TASK DESCRIPTION.
How do the records below read from their first line through the line containing "Moradia T6 para Venda em Silves Foto 29"? Write those lines out exactly.

Short text fragments from websites.

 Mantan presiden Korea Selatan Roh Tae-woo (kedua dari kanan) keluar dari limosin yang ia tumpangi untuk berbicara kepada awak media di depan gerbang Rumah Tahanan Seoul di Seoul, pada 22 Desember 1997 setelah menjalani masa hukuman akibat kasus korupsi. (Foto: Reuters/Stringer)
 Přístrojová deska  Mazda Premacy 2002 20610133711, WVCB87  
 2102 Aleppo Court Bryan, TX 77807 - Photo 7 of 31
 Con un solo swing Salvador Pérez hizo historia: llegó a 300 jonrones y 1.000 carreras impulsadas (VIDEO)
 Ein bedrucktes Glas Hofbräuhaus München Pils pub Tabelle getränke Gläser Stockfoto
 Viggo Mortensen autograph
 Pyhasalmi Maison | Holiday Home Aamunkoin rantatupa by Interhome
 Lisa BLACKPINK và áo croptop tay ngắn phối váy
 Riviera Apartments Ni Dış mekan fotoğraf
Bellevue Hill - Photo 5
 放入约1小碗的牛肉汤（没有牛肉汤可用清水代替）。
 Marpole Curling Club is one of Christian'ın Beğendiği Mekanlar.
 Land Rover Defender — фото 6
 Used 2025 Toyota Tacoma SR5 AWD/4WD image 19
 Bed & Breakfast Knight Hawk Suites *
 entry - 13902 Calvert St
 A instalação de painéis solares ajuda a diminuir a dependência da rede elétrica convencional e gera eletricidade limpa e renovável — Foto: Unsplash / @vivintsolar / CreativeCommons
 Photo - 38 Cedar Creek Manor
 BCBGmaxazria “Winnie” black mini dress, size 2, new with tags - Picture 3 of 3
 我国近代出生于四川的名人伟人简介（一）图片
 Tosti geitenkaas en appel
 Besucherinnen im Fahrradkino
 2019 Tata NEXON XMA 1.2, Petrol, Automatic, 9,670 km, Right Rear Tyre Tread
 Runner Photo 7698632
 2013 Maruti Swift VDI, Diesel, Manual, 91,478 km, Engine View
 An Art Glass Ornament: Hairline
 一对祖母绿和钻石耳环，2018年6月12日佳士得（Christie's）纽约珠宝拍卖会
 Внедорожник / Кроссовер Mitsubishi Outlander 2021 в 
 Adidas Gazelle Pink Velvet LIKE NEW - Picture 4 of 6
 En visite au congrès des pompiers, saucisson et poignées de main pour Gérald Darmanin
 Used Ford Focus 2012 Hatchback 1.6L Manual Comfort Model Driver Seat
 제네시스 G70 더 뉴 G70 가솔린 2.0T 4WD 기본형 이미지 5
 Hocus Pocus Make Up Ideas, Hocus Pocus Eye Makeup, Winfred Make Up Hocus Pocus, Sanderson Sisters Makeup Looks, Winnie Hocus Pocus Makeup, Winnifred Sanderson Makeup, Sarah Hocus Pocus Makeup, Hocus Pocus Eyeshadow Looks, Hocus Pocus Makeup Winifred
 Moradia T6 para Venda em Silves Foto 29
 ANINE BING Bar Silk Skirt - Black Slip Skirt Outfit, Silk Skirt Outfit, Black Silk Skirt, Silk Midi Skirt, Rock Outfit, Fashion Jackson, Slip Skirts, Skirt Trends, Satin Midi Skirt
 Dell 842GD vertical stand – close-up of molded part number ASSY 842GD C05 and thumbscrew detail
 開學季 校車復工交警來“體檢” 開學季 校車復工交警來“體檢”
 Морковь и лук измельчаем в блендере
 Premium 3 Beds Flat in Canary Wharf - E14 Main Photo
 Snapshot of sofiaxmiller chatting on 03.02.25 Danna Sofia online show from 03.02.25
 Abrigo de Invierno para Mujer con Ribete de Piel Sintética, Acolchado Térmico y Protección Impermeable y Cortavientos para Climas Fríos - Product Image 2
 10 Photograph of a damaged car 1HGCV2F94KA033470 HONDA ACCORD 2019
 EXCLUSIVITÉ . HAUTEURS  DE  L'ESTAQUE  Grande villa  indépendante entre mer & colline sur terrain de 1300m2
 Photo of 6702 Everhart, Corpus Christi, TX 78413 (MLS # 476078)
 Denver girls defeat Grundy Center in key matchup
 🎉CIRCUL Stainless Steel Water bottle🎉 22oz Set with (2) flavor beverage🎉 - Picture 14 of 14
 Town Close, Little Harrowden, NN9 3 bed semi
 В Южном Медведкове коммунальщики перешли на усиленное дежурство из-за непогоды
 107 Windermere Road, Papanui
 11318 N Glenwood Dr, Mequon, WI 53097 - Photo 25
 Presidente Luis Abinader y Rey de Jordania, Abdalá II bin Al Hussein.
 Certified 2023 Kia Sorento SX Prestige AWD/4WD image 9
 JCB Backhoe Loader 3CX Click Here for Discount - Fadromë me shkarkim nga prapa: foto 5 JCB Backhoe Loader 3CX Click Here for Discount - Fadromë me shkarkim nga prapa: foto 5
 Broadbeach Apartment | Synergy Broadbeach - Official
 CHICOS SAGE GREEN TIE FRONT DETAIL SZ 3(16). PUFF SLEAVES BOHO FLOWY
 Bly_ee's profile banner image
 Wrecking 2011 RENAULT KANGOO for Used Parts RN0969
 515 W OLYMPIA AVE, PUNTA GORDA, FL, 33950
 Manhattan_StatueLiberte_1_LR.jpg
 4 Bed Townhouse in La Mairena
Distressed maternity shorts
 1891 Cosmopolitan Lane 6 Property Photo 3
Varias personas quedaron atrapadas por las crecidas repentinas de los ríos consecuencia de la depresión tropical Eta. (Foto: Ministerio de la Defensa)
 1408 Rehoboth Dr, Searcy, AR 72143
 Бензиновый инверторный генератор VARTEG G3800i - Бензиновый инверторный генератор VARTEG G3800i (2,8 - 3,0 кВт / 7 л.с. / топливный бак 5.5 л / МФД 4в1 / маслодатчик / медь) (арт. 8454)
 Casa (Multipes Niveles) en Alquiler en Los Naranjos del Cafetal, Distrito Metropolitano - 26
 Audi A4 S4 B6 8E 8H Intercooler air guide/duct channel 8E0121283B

EXERCISE ANSWER.
 Mantan presiden Korea Selatan Roh Tae-woo (kedua dari kanan) keluar dari limosin yang ia tumpangi untuk berbicara kepada awak media di depan gerbang Rumah Tahanan Seoul di Seoul, pada 22 Desember 1997 setelah menjalani masa hukuman akibat kasus korupsi. (Foto: Reuters/Stringer)
 Přístrojová deska  Mazda Premacy 2002 20610133711, WVCB87  
 2102 Aleppo Court Bryan, TX 77807 - Photo 7 of 31
 Con un solo swing Salvador Pérez hizo historia: llegó a 300 jonrones y 1.000 carreras impulsadas (VIDEO)
 Ein bedrucktes Glas Hofbräuhaus München Pils pub Tabelle getränke Gläser Stockfoto
 Viggo Mortensen autograph
 Pyhasalmi Maison | Holiday Home Aamunkoin rantatupa by Interhome
 Lisa BLACKPINK và áo croptop tay ngắn phối váy
 Riviera Apartments Ni Dış mekan fotoğraf
Bellevue Hill - Photo 5
 放入约1小碗的牛肉汤（没有牛肉汤可用清水代替）。
 Marpole Curling Club is one of Christian'ın Beğendiği Mekanlar.
 Land Rover Defender — фото 6
 Used 2025 Toyota Tacoma SR5 AWD/4WD image 19
 Bed & Breakfast Knight Hawk Suites *
 entry - 13902 Calvert St
 A instalação de painéis solares ajuda a diminuir a dependência da rede elétrica convencional e gera eletricidade limpa e renovável — Foto: Unsplash / @vivintsolar / CreativeCommons
 Photo - 38 Cedar Creek Manor
 BCBGmaxazria “Winnie” black mini dress, size 2, new with tags - Picture 3 of 3
 我国近代出生于四川的名人伟人简介（一）图片
 Tosti geitenkaas en appel
 Besucherinnen im Fahrradkino
 2019 Tata NEXON XMA 1.2, Petrol, Automatic, 9,670 km, Right Rear Tyre Tread
 Runner Photo 7698632
 2013 Maruti Swift VDI, Diesel, Manual, 91,478 km, Engine View
 An Art Glass Ornament: Hairline
 一对祖母绿和钻石耳环，2018年6月12日佳士得（Christie's）纽约珠宝拍卖会
 Внедорожник / Кроссовер Mitsubishi Outlander 2021 в 
 Adidas Gazelle Pink Velvet LIKE NEW - Picture 4 of 6
 En visite au congrès des pompiers, saucisson et poignées de main pour Gérald Darmanin
 Used Ford Focus 2012 Hatchback 1.6L Manual Comfort Model Driver Seat
 제네시스 G70 더 뉴 G70 가솔린 2.0T 4WD 기본형 이미지 5
 Hocus Pocus Make Up Ideas, Hocus Pocus Eye Makeup, Winfred Make Up Hocus Pocus, Sanderson Sisters Makeup Looks, Winnie Hocus Pocus Makeup, Winnifred Sanderson Makeup, Sarah Hocus Pocus Makeup, Hocus Pocus Eyeshadow Looks, Hocus Pocus Makeup Winifred
 Moradia T6 para Venda em Silves Foto 29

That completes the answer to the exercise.